EX-10.13 20 tm2231404d1_ex10-13.htm EXHIBIT 10.13

 

Exhibit 10.13

 

FIRST AMENDMENT TO

TEMPO AUTOMATION, INC. 

AMENDED AND RESTATED 2015 EQUITY INCENTIVE PLAN

 

THIS FIRST AMENDMENT (this “Amendment”) to the Tempo Automation, Inc. Amended and Restated 2015 Equity Incentive Plan is made and adopted by the Board of Directors (the Board”) of Tempo Automation, Inc., a Delaware corporation (the “Company”), effective as of September 29, 2022 (the “Effective Date”). All capitalized terms used but not otherwise defined herein shall have the respective meanings ascribed to such terms in the Plan (as defined below).

 

RECITALS

 

WHEREAS, the Company maintains the Tempo Automation, Inc.

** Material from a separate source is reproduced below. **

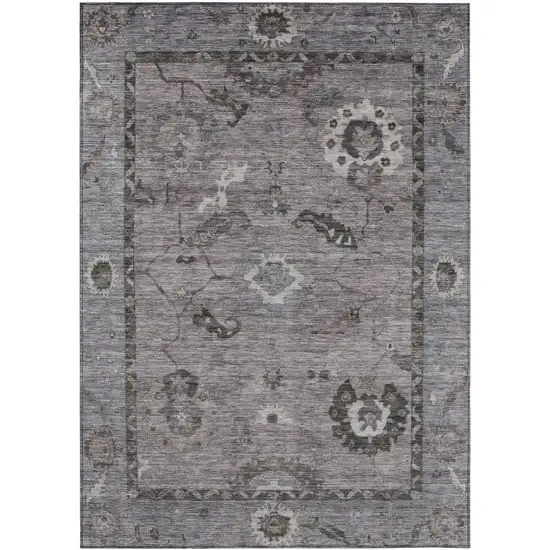 Pewter Gray And Silver Floral Medallion Washable Indoor Outdoor Area Rug Photo 2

Amended and Restated 2015 Equity Incentive Plan (the “Plan”);

 

WHEREAS, pursuant to Section 14 of the Plan, the Board has the authority to amend the Plan from time to time, including to increase the maximum aggregate number of shares of Common Stock available for issuance thereunder, subject to approval of the Company’s stockholders within twelve (12) months thereof; and

 

WHEREAS, the Board believes it is in the best interests of the Company and its stockholders to amend the Plan as set forth herein.

 

NOW, THEREFORE, BE IT RESOLVED, that the Plan is hereby amended as follows, effective as of the Effective Date, subject to approval of this Amendment by the Company’s stockholders:

 

AMENDMENT

 

1.The first sentence of Section 3 of the Plan is hereby deleted and replaced in its entirety with the following:

 

“Subject to the provisions of Section 11 below, the maximum aggregate number of Shares that may be issued under the Plan is 27,712,681 Shares, all of which Shares may be issued under the Plan pursuant to Incentive Stock Options.”

 

2.This Amendment shall be and is hereby incorporated into and forms a part of the Plan.

 

3.Except as expressly provided herein, all terms and conditions of the Plan shall remain in full force and effect.

 

[Signature page follows]

 

 

 

*          *         *

 

I hereby certify that the foregoing Amendment was duly adopted by the Board of Directors of Tempo Automation, Inc. on ________________, 2022.

 

Executed on this _____ day of _________, 2022.

 

  By:  
    Name:  
    Title:  

 

*          *          *

 

I hereby certify that the foregoing Amendment was approved by the stockholders of Tempo Automation, Inc. on ________________, 2022.

 

Executed on this _____ day of _________, 2022.